Final answer:
To find v, UR, UL, and UC at t = 20.0 ms, calculate the impedance and the current in the circuit. Then, calculate the voltage drops across each component using Ohm's law. Finally, compare the sum of the voltage drops to the source voltage.
Step-by-step explanation:
To find v, UR, UL, and UC at t = 20.0 ms, we need to calculate the impedance and the current in the circuit. The impedance (Z) can be calculated as the square root of the sum of the squared resistor (R) and the squared reactance (X), where X = XL - XC. Here, XL is the inductive reactance and XC is the capacitive reactance. In this case, XL = 2πfL and XC = 1/(2πfC). Once we have Z, we can calculate the current (I) using Ohm's law: I = V/Z. With the current and the values of the components, we can calculate the voltage drops across each element using Ohm's law again. Finally, we can compare the sum of the voltage drops across the resistor, inductor, and capacitor to the source voltage.

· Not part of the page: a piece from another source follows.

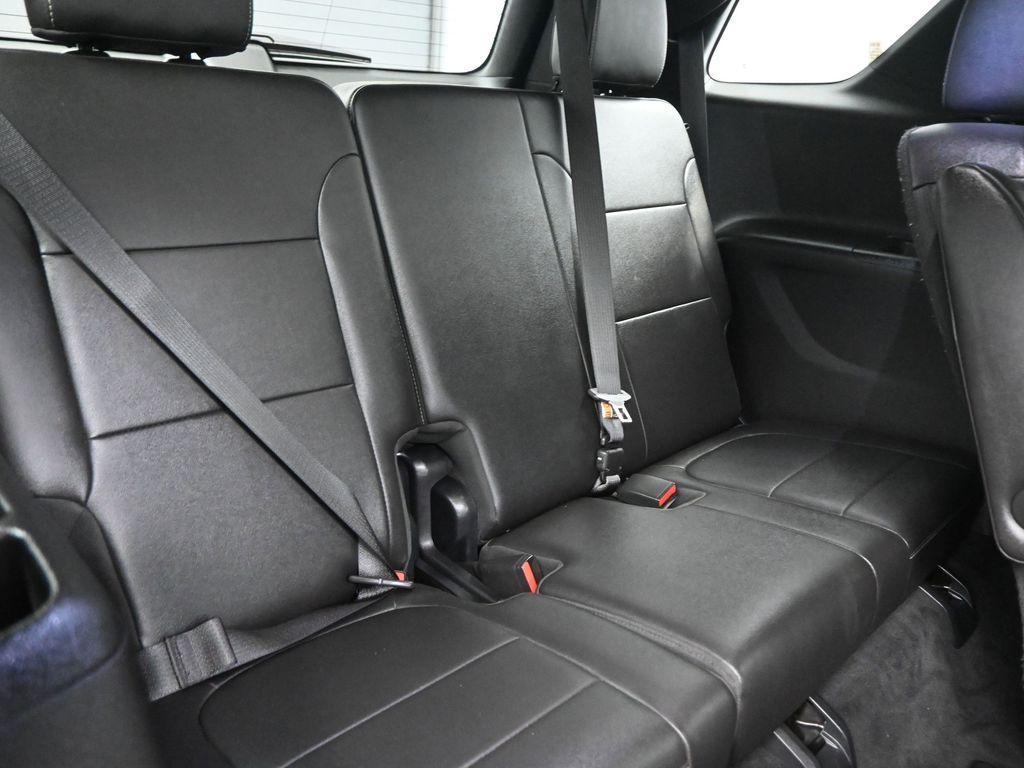 used 2023 Chevrolet Traverse car, priced at $29,500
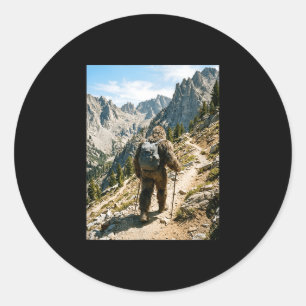 Adesivo Redondo Bigfoot caminhando engraçado sasquatch mochilão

The impedance (Z) = √((R^2) + (((XL - XC)^2))) = √((200^2) + ((2π(250)(0.900) - 1 / 2π(250)(6.00e-6))^2)) = √((200^2) + ((1.41421356237)(250)(0.900 - 1 / (1.57079632679)(250)(6.00e-6))^2)) ≈ 250 Ω
The current (I) = V / Z = 30.0 / 250 = 0.12 A
The voltage drop across the resistor (UR) = I * R = 0.12 * 200 = 24 V
The voltage drop across the inductor (UL) = I * XL = 0.12 * 2π(250)(0.900) = 67.39 V
The voltage drop across the capacitor (UC) = I * XC = 0.12 * (1 / 2π(250)(6.00e-6)) = 0.53 V
The sum of UR + UL + UC = 24 + 67.39 + 0.53 ≈ 92.92 V, which is not equal to the source voltage (V), indicating that there is a phase difference between the current and the voltage.